Inspiração e trabalho

O conceito de inspiração na criação artística em geral, e literária em particular, esteve em voga até aos anos sessenta do século XX. Dizia-se, por exemplo, que quando um escritor tinha um bloqueio diante da página branca estava sem inspiração. E a expressão ainda é de usada vulgarmente quando a obra de determinado artista deixa muito a desejar e alguém comenta que ele estava decerto pouco inspirado quando a realizou. Mas à questão da «inspiração» vieram vários artistas responder com a da «transpiração», querendo com isso dizer que as obras de arte não caem do céu e sem trabalho e persistência nada se consegue. Parece, aliás, que o celebérrimo Picasso terá respondido a um jornalista que lhe perguntou donde lhe vinha a inspiração para os seus quadros: «Inspiração? Não sei quem é. Quando aparece encontra-me sempre a trabalhar.»

Comentários

  1. O conceito de inspiração é-me estranho, tenho sempre muito mais ideias do que aquelas que consigo realizar, é antes o ânimo que me condiciona. Há dias em que escrever se me apresenta como qualquer coisa de mágico e outros em que penso "para quê?". Nunca transpiro, talvez por não ter metas definidas. Se considerasse escrever um trabalho, nunca lhe tocava.

    ResponderEliminar
  2. Os gregos inventaram as Musas, filhas de Zeus e da Memória.

    ResponderEliminar
  3. A inspiração traduz o jogo de alegoria e sentidos, palavra em movimento que ascende pela ternura ao outro. Querer conquistar é ser implacável, somente a conquista é tão terrível e arrebatadora. Absorver é sorver pelos laços da acção. Há, quem idealize a comiseração do outro, de si ou, dos tempos, dos lugares; como há, quem nem saiba da circunstância, importância e necessidade da expressão ativa.
    O descontrole, incontinência, incredulidade. Nada, sou eu. Então, quem sou eu? Um sopro. Ser que respira, expira, inspira e inspira-se.

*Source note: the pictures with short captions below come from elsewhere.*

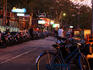 Line of motorbikes and street vendor at sunset.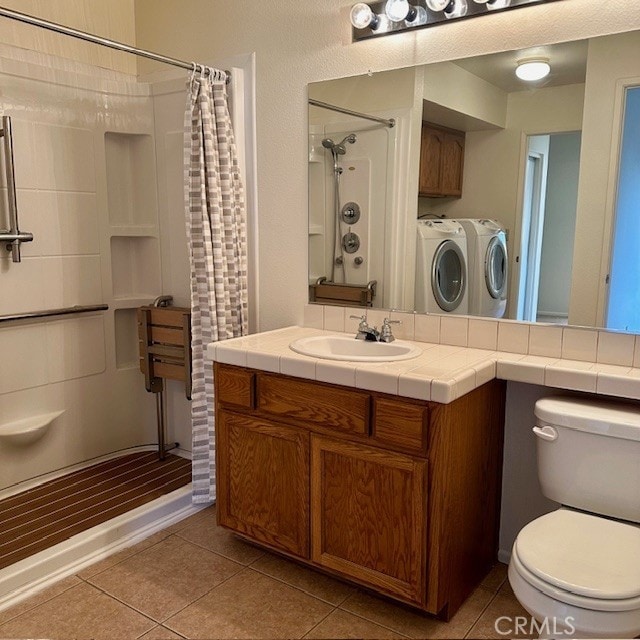 bathroom with vanity, curtained shower, washer and dryer, tile patterned floors, and toilet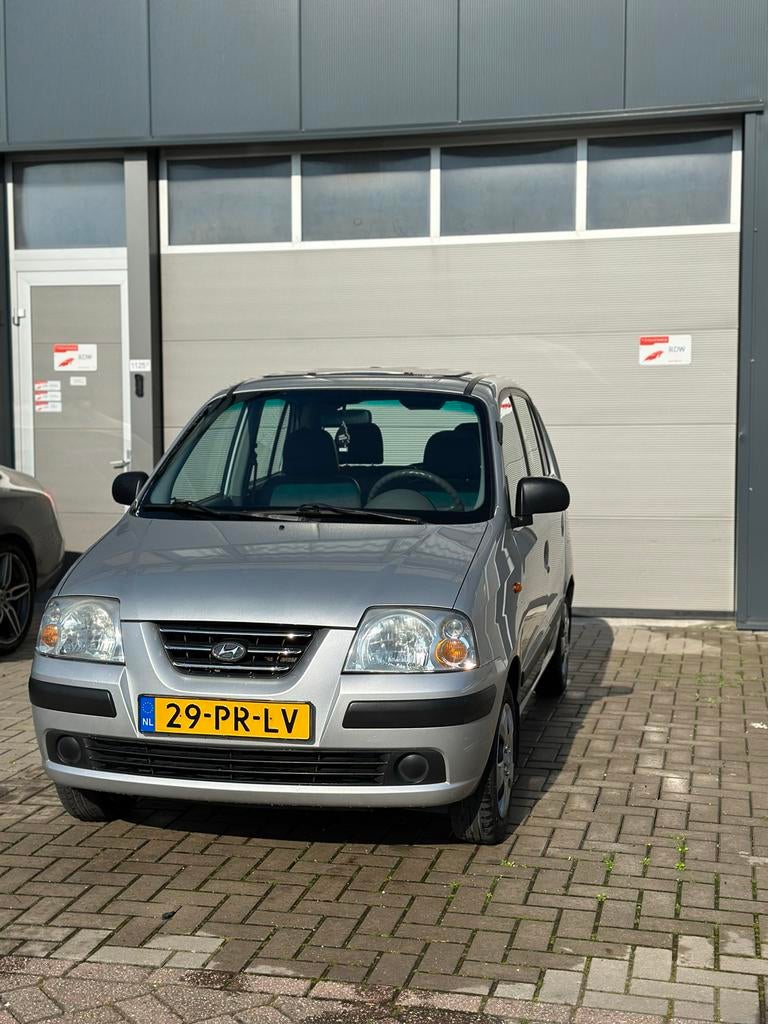 Hyundai Atos 1.1 2004, Auto's, Voorwielaandrijving, Stof, 31 €/maand, 4 cilinders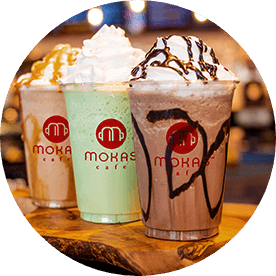 Three different frappé, one in front of the other. Starting from the furthest, a caramel frappé with whipped cream and caramel drizzle, a green frappé with whipped cream and a chocolate frappé with whipped cream and chocolate drizzle.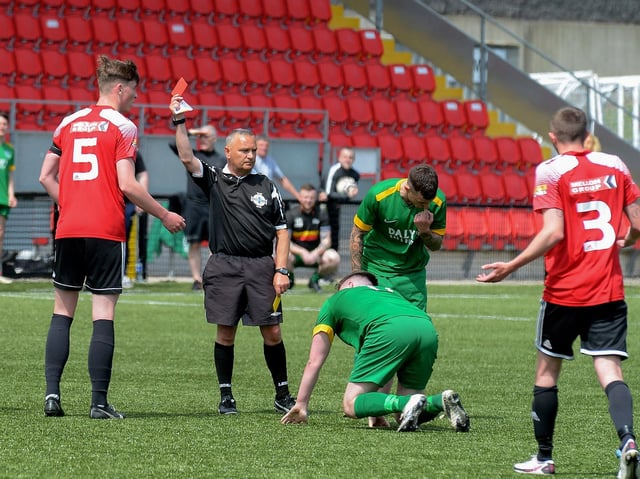 Referee Paul Doherty shows Maiden City’s Jamie Robinson during the first half of the centenary McAlinden Cup Final on Sunday afternoon last. (Photo: George Sweeney). DER2126GS - 005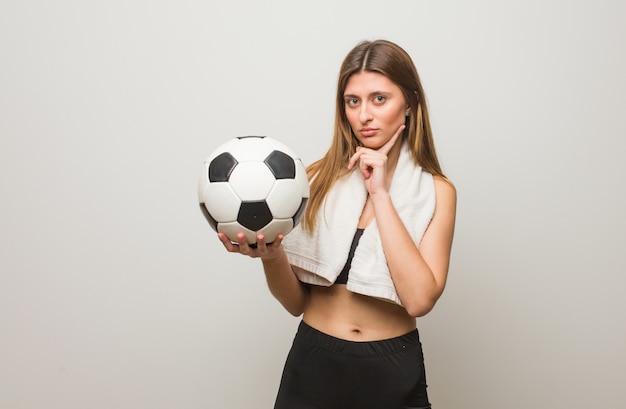 Donna russa di giovane forma fisica che dubita e confusa. In possesso di un pallone da calcio.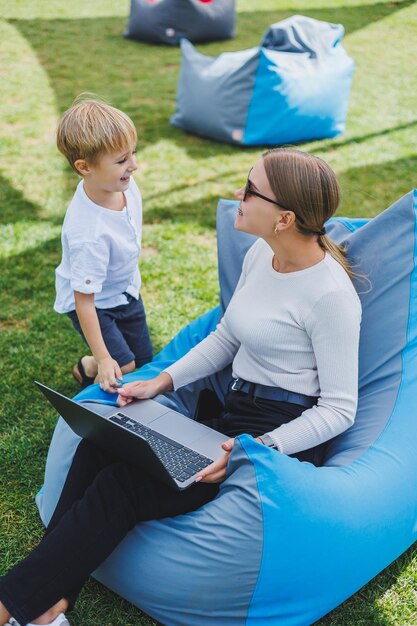 Eine Mutter mit ihrem Sohn auf einer grünen Wiese eine Mutter im Mutterschaftsurlaub arbeitet an einem Laptop im Park ihr Sohn spielt neben ihr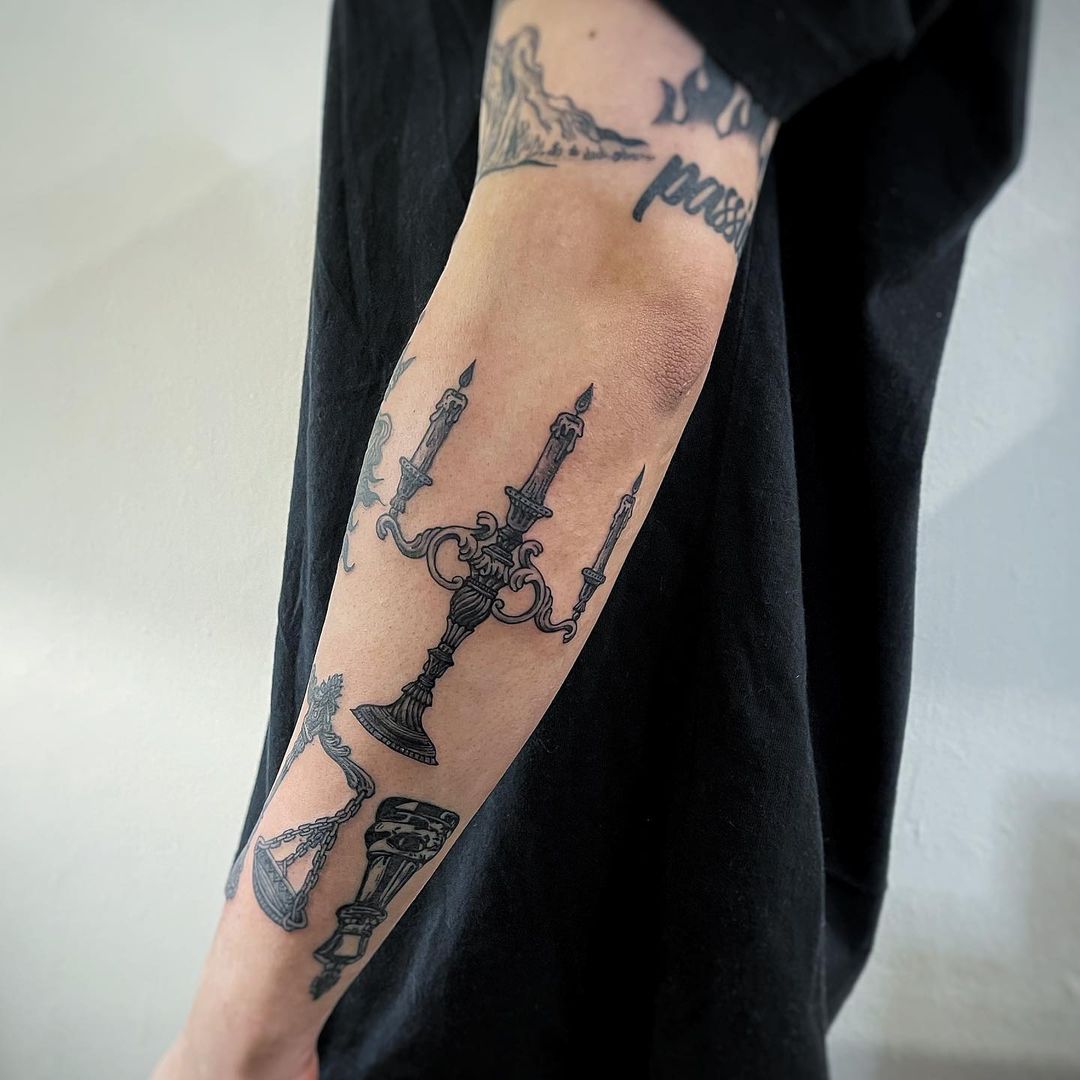 Candle arm tattoo
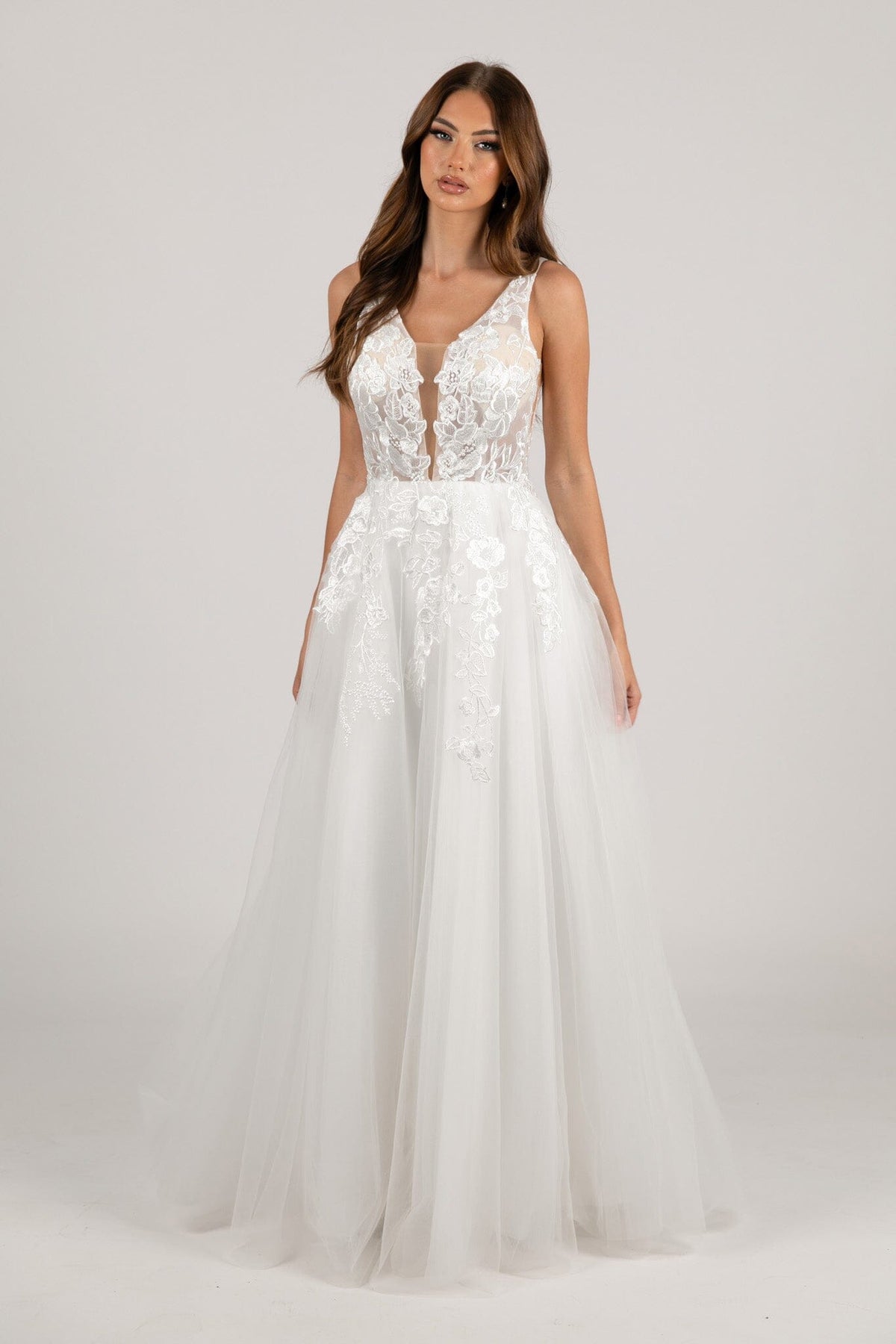 Ivory White A-line Wedding Gown with V Neckline adorned with Lace Appliques, Sheer Bodice and Full Voluminous Layered Tulle Skirt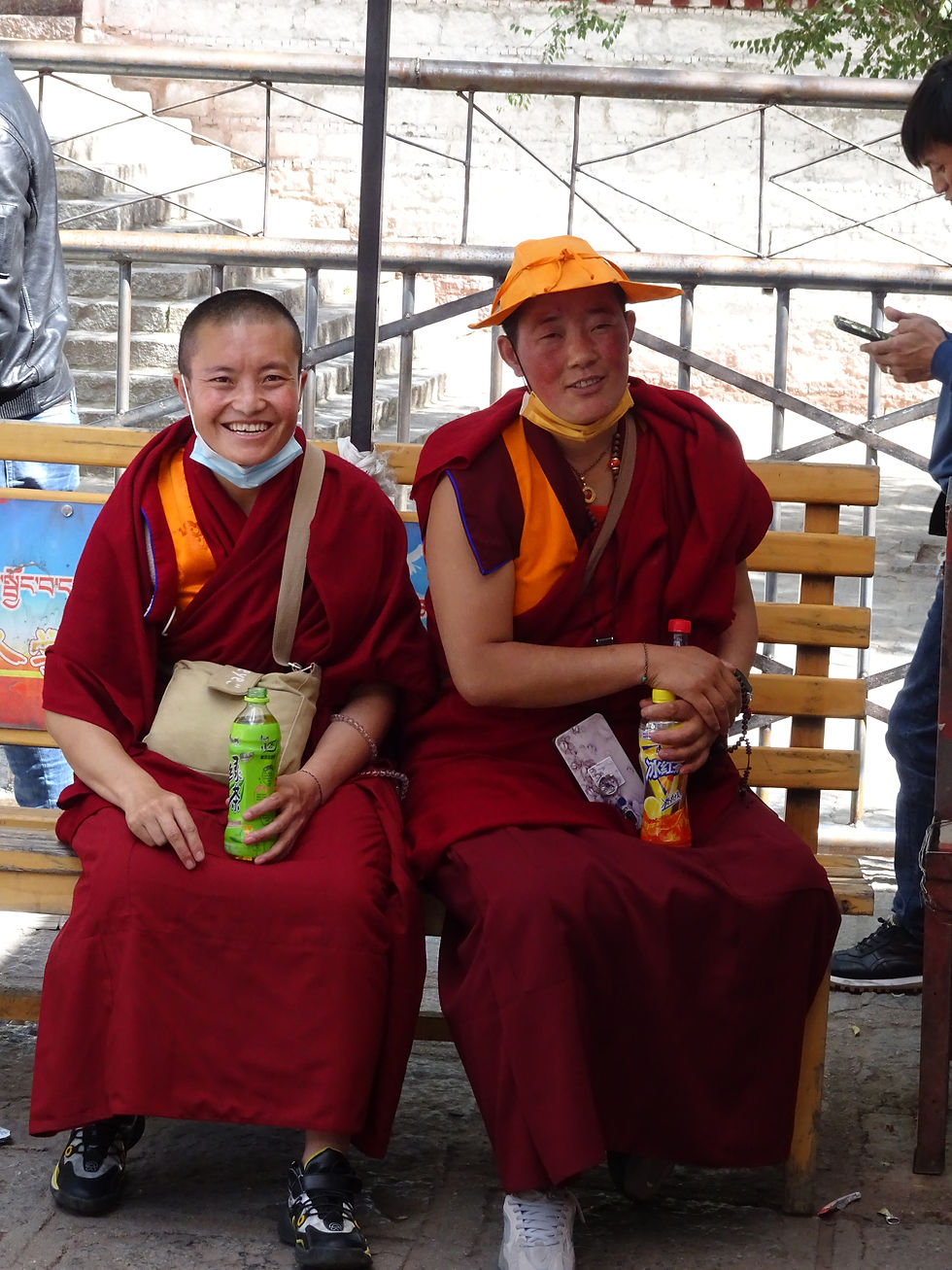monks, red, red robes, travel, travelling, tired, soft drinks, sports shoes, smile, friendly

Contemplar a vida, inspiração.

    ResponderEliminar
    Respostas
    1. Lua

      Tão azul tua cidade e nua
      que canta meus olhos
      de noite escura
      de desejo e pura
      saudade,
      de ter
      de ter
      e ver
      nos teus olhos a lua

      Eis, da alma tua figura
      são olhos
      são olhos de ter
      que tens, oh lua,
      para mim de noite escura
      ser tua cidade mais pura
      onde a saudade
      quer um azul de lua
      e vem, te ver...




      Contemplando o dia internacional da mulher.

      Eliminar
    2. Das ferramentas que o mundo conspira: oferece ao longo da existência a formação por trajetória da vivência, o aprendizado é ocaso, é o confronto com a natureza inquieta do ser, por dominar o desconhecido, de maneira minimizada, pois ao longo da infância e adolescência, até a fase adulta, tem-se a vaga noção de quão adequamos o espírito de compreensão por descobrir-se ao mundo e integrar-se a realidade; porém da maturidade, depara-se com o mundo imaginário à parte, enquanto a realização dos sentidos correspondera à expressão do que fora nossa lembrança, da ousadia perante as primeiras experiências ou acções de: medo, prazer, dor e amor.
      O simples, 100% de inspiração.
      A formação de uma criança é arte pura e experimental, e como criança invencível de imaginação, a boa nova é que, todos nós já passamos por isso, sabendo reconhecer na arte, a beleza da vida.

      Eliminar
  4. Inspiração e trabalho!

    ResponderEliminar
    Respostas
    1. 25% de inspiração, 75% de trabalho.

      Eliminar
    2. Se isso fosse assim qualquer pessoa era escritor. 50% talento inato, 25% gin, 20% perturbação psicológica, 5% trabalho

      Eliminar
    3. Apoiado!! Tenho dúvidas quanto à distribuição das percentagens, mas concordo com essas variáveis (quase todas) e ...talento é fundamental!!
      Isabel

      Eliminar
    4. O grande Rubem Fonseca também acha que a perturbação psicológica é fundamental. A percentagem é que parece ser bem maior do que a apontada pelo Courinha...:)
      Ora confira aqui, neste vídeo,que roubei no youtube, feito pelo José Mário Silva do Bibliotecário de Babel. Mostra parte de brilhante intervenção do Rubem Fonseca, nas Correntes d´Escritas. Para ele a loucura é o fundamental num escritor, depois tem de ser um pouco alfabetizado ( não precisa muito...), tem de ser paciente, motivado e imaginativo. Genial!:)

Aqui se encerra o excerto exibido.